RveRNet

Official implementation of RveRNet

The structure of the proposed RveRNet

We used the robust SAM foundation model to segment the ROI of input images. Then, we processed the images to produce complementary cut-out pairs that were used as inputs for both the ROI and extra-ROI modules. The ROI and extra-ROI modules can have different architectures that encode different inductive biases.

We trained and evaluated our proposed RveRNet on the preprocessed FoodSeg103 dataset. To quantify the advantage of our proposed model’s architectures’ unique inductive biases, we avoided selecting a dataset that was too large for fine-tuning. Preprocessing the selected dataset created complementary cut-out images that masked the ROIs and were input into the extra-ROI module while the ROI images were input into the ROI module.

In addition, to determine the degree to which the extra-ROI module in RveRNet enhanced the classification performance of ambiguous foods, we added images of ketchup and chili paste either photographed or collected from the internet, to the dataset. There were 69 ketchup and 72 chili paste train images and 38 ketchup and 34 chili paste test images. Thus, 18,320 train images and 7,769 test images across 105 categories were used in this study.

Unless otherwise specified, the train image dimensions were $224\times 224$ pixels . The off-the-shelf MobileNetV2, ViT, DeiT, DeiT-distill, and MLP-Mixer models were pre-trained on ImageNet-1K for each RveRNet module.
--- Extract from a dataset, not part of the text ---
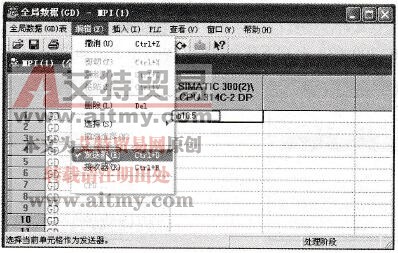  发送区的数据组的组态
We optimized the proposed model’s parameters using the Adam optimizer, a linear warm-up, and a cosine learning rate decay scheduler. We applied a random horizontal flip to a train set with a 50$%$ probability. The training batches contained 50 images and had an initial learning rate of $4\times 10^{-3}$. Top-1 accuracy and F1 scores on the test set were calculated for models, which were fine-tuned over 30 epochs using one NVIDIA A100 GPU in Google Colaboratory Pro.

Here is the structure of FoodSeg103 dataset folders:

FoodSeg103/
   |--Images/
   |    |--ann_dir/
   |    |__img_dir/
   |
   |--ImageSets/
   |    |--test.txt
   |    |__train.txt
   |
   |--category_id.txt
   |--Readme.txt
   |--test_recipe1m_id.txt
   |__train_test_recipe1m_id.txt

Your data directory for RveRNet should be like this after preprocessing:

dataset_root/
    |
    |--train/
    |    |--roi/
    |    |    |--category1/
    |    |    |    |--image_name1.jpg
    |    |    |    |--image_name2.jpg
    |    |    |    |--image_name3.jpg
    |    |    |    |__...
    |    |    |    
    |    |    |--category2/
    |    |    |--category3/
    |    |    |__...
    |    |
    |    |__extra-roi/
    |         |--category1/
    |         |    |--image_name1.jpg
    |         |    |--image_name2.jpg
    |         |    |--image_name3.jpg
    |         |    |__...
    |         |    
    |         |--category2/
    |         |--category3/
    |         |__...
    | 
    |
    |__test/
         |--roi/
         |    |--category1/          
         |    |--category2/
         |    |--category3/
         |    |__...
         |
         |__extra-roi/  
              |--category1/ 
              |--category2/
              |--category3/
              |__...

For an off-the-shelf model training, run :

python3 train_Off-the-shelf.py --config=./Off_the_shelfs/train_cfgs/train_config.yaml

For a RveRNet training, run :

python3 train_RveRNet.py --config=./RveRNets/train_cfgs/train_config_FoodSeg103.yaml

For inference of RveRNet, run:

python3 inference.py --config=./RveRNets/test_cfgs/test_config.yaml

In the configuration YAML file, you can choose the model for inference using ckpt_path. If you want batch inference for your test dataset, set batch_inference to True.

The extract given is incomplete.